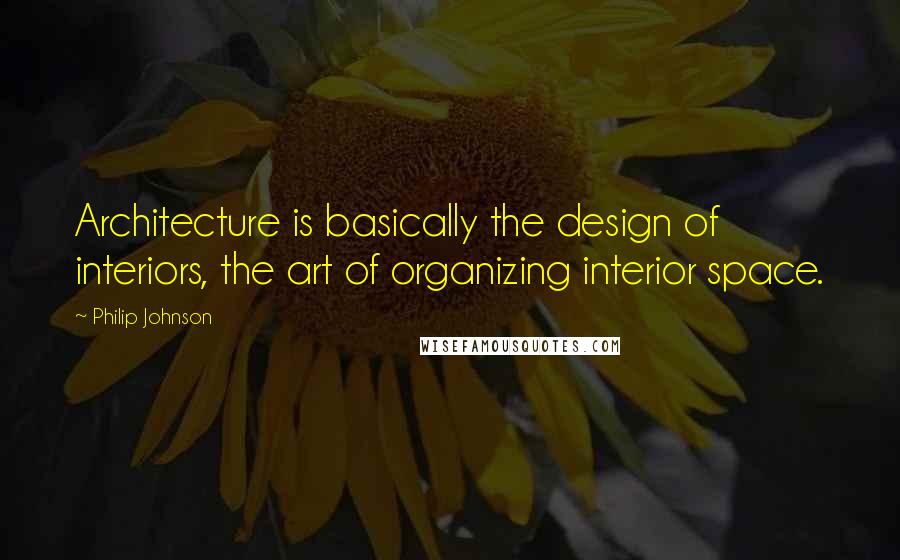 Philip Johnson Quotes: Architecture is basically the design of interiors, the art of organizing interior space.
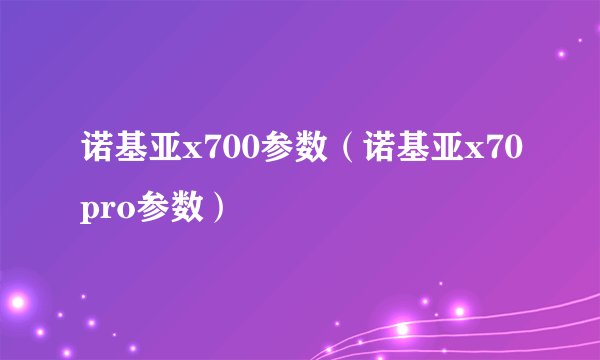 诺基亚x700参数（诺基亚x70pro参数）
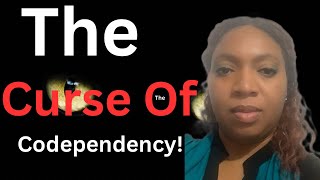 The Curse Of The Codependent  narcissisticabuseawareness [upl. by Yespmed]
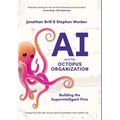 AI and the Octopus Organization: Building the Superintelligent Firm - Hardcover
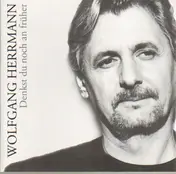 Wolfgang Herrmann - Denkst du noch an früher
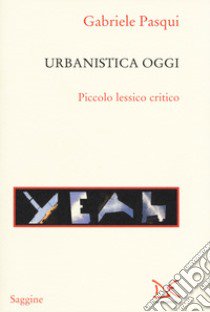 Urbanistica oggi. Piccolo lessico critico libro di Pasqui Gabriele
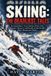 Skiing: Libri GmbH Skiing: The Deadliest Tales: Extraordinary True Stories of Survival, Disaster, Mystery and Death on the World's Most Dangerous Slopes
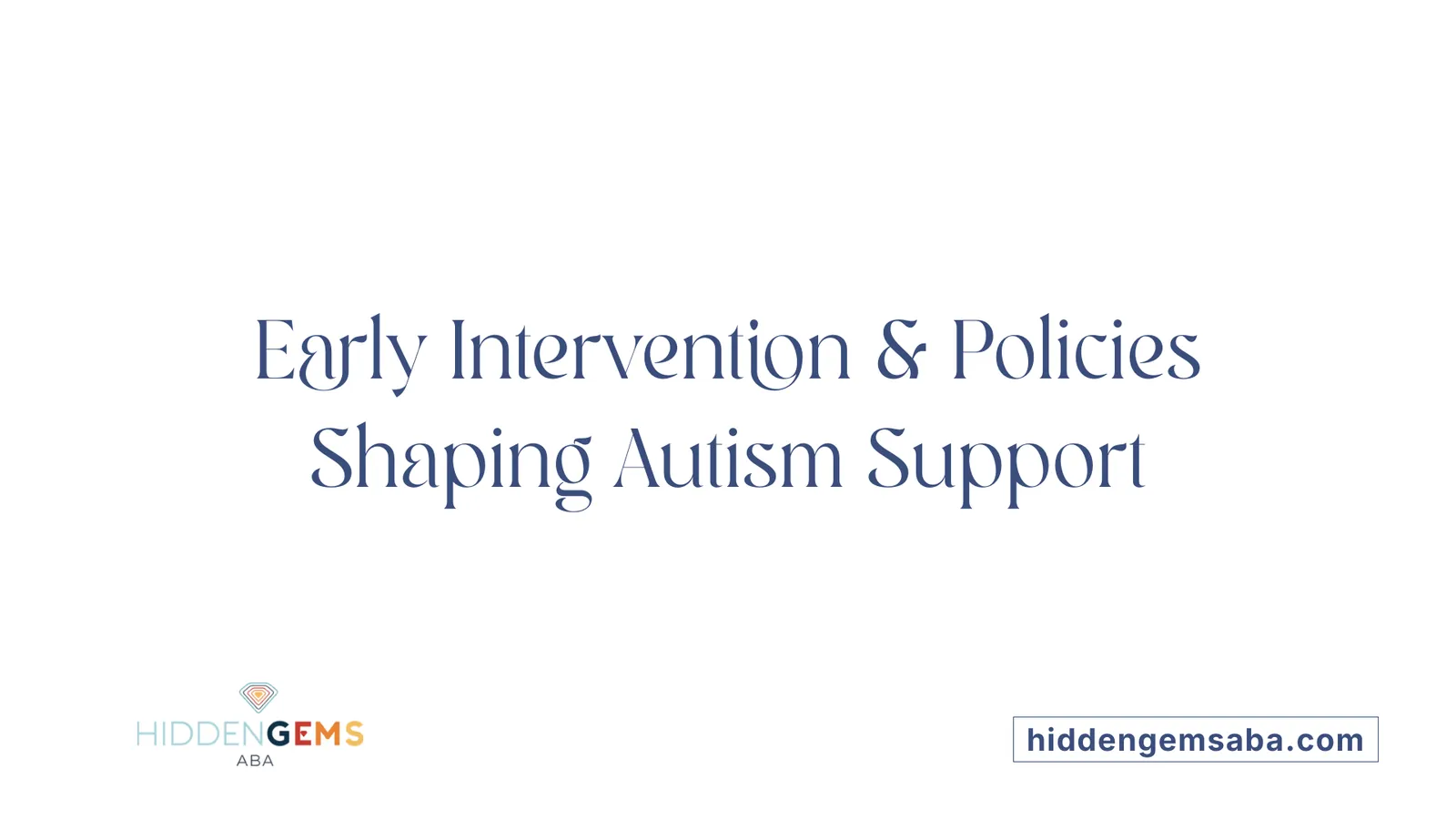 Early Intervention & Policies Shaping Autism Support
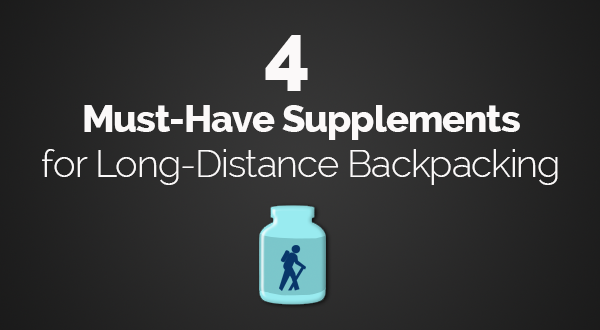 4 Must Have Supplements for Long Distance Backpacking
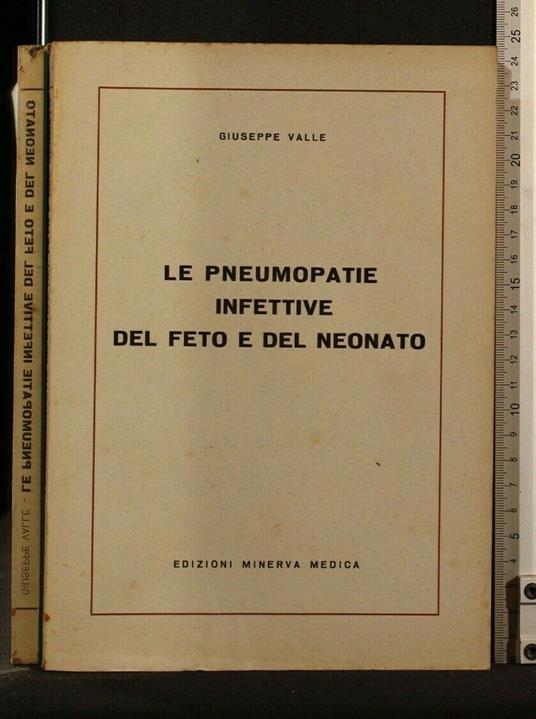 Le Pneumopatie Infettive Del Feto e Del Neonato - Pneumopatie Infettive Del Feto e Del Neonato di: Valle - copertina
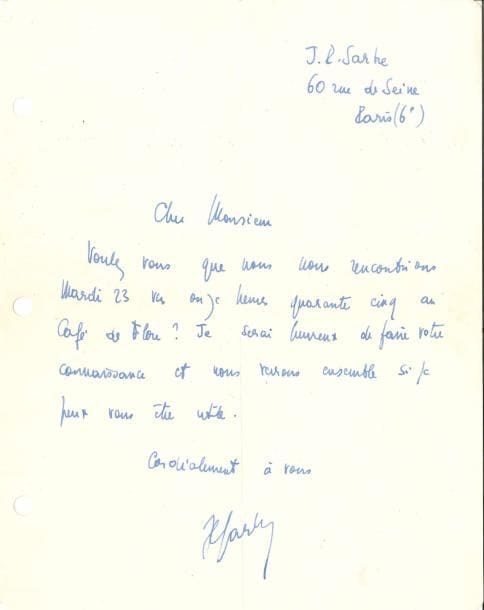 Jean-Paul SARTRE (1905-1980). L.A.S. ; 1 page petit in-4 (trous de classeur).
   Il donne rendez-vous « mardi 23 […] au Café de Flore ? Je serai heureux de faire votre connaissance et nous verrons ensemble si je peux vous être utile »… Il note son adresse « 60 rue de Seine » [Hôtel de la Louisiane].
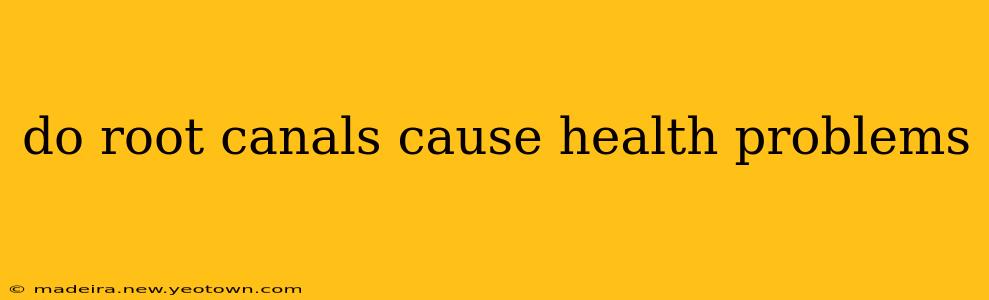 do root canals cause health problems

| REQUIRED WORK |
Please retype, exactly and only, the lines from the one holding "4 Must Have" to the end of the entries, both ends included, without any pictures.

| REPLY |
 4 Must Have Supplements for Long Distance Backpacking
 Le Pneumopatie Infettive Del Feto e Del Neonato - Pneumopatie Infettive Del Feto e Del Neonato di: Valle - copertina
 Jean-Paul SARTRE (1905-1980). L.A.S. ; 1 page petit in-4 (trous de classeur).
   Il donne rendez-vous « mardi 23 […] au Café de Flore ? Je serai heureux de faire votre connaissance et nous verrons ensemble si je peux vous être utile »… Il note son adresse « 60 rue de Seine » [Hôtel de la Louisiane].
 do root canals cause health problems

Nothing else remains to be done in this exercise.